— ABOUT THIS EXERCISE —
Only the lines from the one with "Canvcle Perfect Fit" to the end of the data below should be given again, exactly as written.

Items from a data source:
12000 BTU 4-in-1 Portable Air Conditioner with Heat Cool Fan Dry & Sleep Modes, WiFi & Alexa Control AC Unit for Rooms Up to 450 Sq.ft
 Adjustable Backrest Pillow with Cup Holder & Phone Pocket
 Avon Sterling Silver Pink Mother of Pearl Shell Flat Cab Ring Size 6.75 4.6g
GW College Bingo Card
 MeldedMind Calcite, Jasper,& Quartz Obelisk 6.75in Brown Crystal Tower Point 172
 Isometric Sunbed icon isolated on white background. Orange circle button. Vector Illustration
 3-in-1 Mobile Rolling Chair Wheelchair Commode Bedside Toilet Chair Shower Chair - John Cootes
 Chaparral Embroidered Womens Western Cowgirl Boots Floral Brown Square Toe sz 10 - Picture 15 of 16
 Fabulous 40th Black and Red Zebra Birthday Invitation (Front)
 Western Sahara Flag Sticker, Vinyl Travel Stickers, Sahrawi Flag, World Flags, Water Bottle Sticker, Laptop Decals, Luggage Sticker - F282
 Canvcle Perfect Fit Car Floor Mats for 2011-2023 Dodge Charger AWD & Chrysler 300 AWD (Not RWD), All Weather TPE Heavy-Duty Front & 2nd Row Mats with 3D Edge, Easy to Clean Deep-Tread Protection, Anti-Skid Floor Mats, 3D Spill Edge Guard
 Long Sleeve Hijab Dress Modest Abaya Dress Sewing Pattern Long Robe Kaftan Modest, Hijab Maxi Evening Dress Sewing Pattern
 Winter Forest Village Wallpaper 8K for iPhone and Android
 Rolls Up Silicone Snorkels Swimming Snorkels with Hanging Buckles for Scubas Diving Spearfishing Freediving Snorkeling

— ANSWER SECTION —
 Canvcle Perfect Fit Car Floor Mats for 2011-2023 Dodge Charger AWD & Chrysler 300 AWD (Not RWD), All Weather TPE Heavy-Duty Front & 2nd Row Mats with 3D Edge, Easy to Clean Deep-Tread Protection, Anti-Skid Floor Mats, 3D Spill Edge Guard
 Long Sleeve Hijab Dress Modest Abaya Dress Sewing Pattern Long Robe Kaftan Modest, Hijab Maxi Evening Dress Sewing Pattern
 Winter Forest Village Wallpaper 8K for iPhone and Android
 Rolls Up Silicone Snorkels Swimming Snorkels with Hanging Buckles for Scubas Diving Spearfishing Freediving Snorkeling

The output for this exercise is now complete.